Step 3. Click the “General” button under “Column Data Format.” Click “Finish.”
- You now have a spreadsheet with all of the data for Winyah Bay. Now, you need to make a few adjustments to this spreadsheet to make it easier to analyze:
- Highlight columns B and C. Under the “Format” menu, select “Column” and then “Width.” Change the width of columns B and C to 2 inches.
- Highlight columns E through P. Under the “Format” menu, select “Column” and then “Width.” Change the width of columns E through P to 0.5 inch.
- Highlight all cells by clicking on the empty cell in the upper left corner. Under the “Data” menu click “Sort.” Check the box next to “Header Row” under “My list has.” Under “Sort By” select “Common Name.” Under “Then by” select “LifeStage.” Click “OK.
- Prepare data summary graphs for each of your assigned species as follows:
- Highlight all cells in columns C through P for all Life Stages of the species you are analyzing. For this example, suppose “Alewife” is one of your assigned species; so you would highlight cells C2 through P16
- Click on the Chart Wizard icon. Select “Column” under “Chart type” and the upper left icon under “Chart subtype.” Click “Next.”
- Click the button next to “Rows” under “Series in.” Click the “Series” tab, and remove all life stages except “Adults” and “Spawning.” Click “Next.”
- Click the “Titles” tab. Enter a title for your chart (such as “Alewife Adults and Spawning”). Enter “Month” in the “Category (X) axis:” box and “Abundance” in the “Value (Y) axis:” box. Click “Next.”
- Click the button next to “As new sheet” and enter the name that you want to appear on the tab for your chart in the spreadsheet workspace. Click “Finish.” You now have a column chart that shows the relative abundance of alewife adults, and spawning adults in each salinity zone for each month.
- If you want to print your chart and do not have a color printer, you may want to change the column fills to black and white patterns. To do this, double click on one of the columns on your chart. The “Format Data Series” dialogue box will open. Click on the “Colors an Lines” tab, then select “Fill Effects . . . “ from the Color drop down menu, then click the “Pattern” tab. Select black in the window under “Foreground:” and white in the window under “Background:” Select the pattern you want, then click “OK.” Click “OK” in the “Format Data Series” dialogue box.

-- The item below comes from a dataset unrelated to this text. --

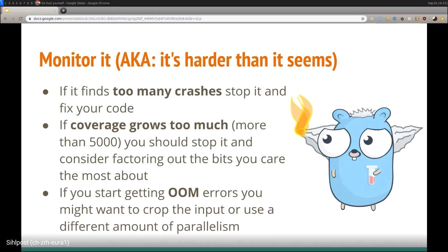Once you run it the first time, you might see 124 crashes and think 'good' — but not good, because you have to look into them. Also watch your coverage count: if it gets above 5,000, you're fuzzing too big an API. GoFuzz uses a fixed hash map to check coverage, and above that number some lines start to collide, making fuzzing essentially random. You can also reduce the number of workers via a command line flag.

- The column on your chart should now contain a black-and-white fill pattern. Repeat these steps for the other columns.
- Repeat steps a. and b. Click the button next to “Rows” under “Series in.” Click the “Series” tab, and remove “Adults” and “Spawning” life stages. Click “Next,” and repeat steps d. and e. You now have a second column chart that shows the relative abundance of alewife eggs, larvae, and juveniles in each salinity zone for each month. Adjust the column fills if necessary.
- Use your chart to find out:
- When are spawning adults most abundant?
- When are eggs most abundant?
- When are larvae most abundant?
- When are juveniles most abundant?
- When are adults most abundant?
- Are any of these life stages more abundant in certain salinity zones?
For the Winyah Bay alewife example, adults and spawning adults are most abundant in March, April and May; eggs are most abundant in March, April and May; larvae are most abundant in March, April, May and June; juveniles are abundant from April through November. Notice that all life stages of alewife are absent from December through February. Different life stages of alewife appear to have different salinity preferences. Alewife eggs and larvae are found only in salinities of 0 - 0.5 ppt. Juveniles are also confined to this salinity zone during April, May, June, and July; but are found in the 0.5 - 25 ppt salinity zone between August and November, and in the >25 ppt zone between September and November. Alewife adults are found in all three salinity zones, but spawning adults are only found in the 0 - 0.5 ppt zone.
- Discuss possible reasons for seasonal variations in the abundance of different life stages. What effect could severe storms or prolonged drought have on your assigned species?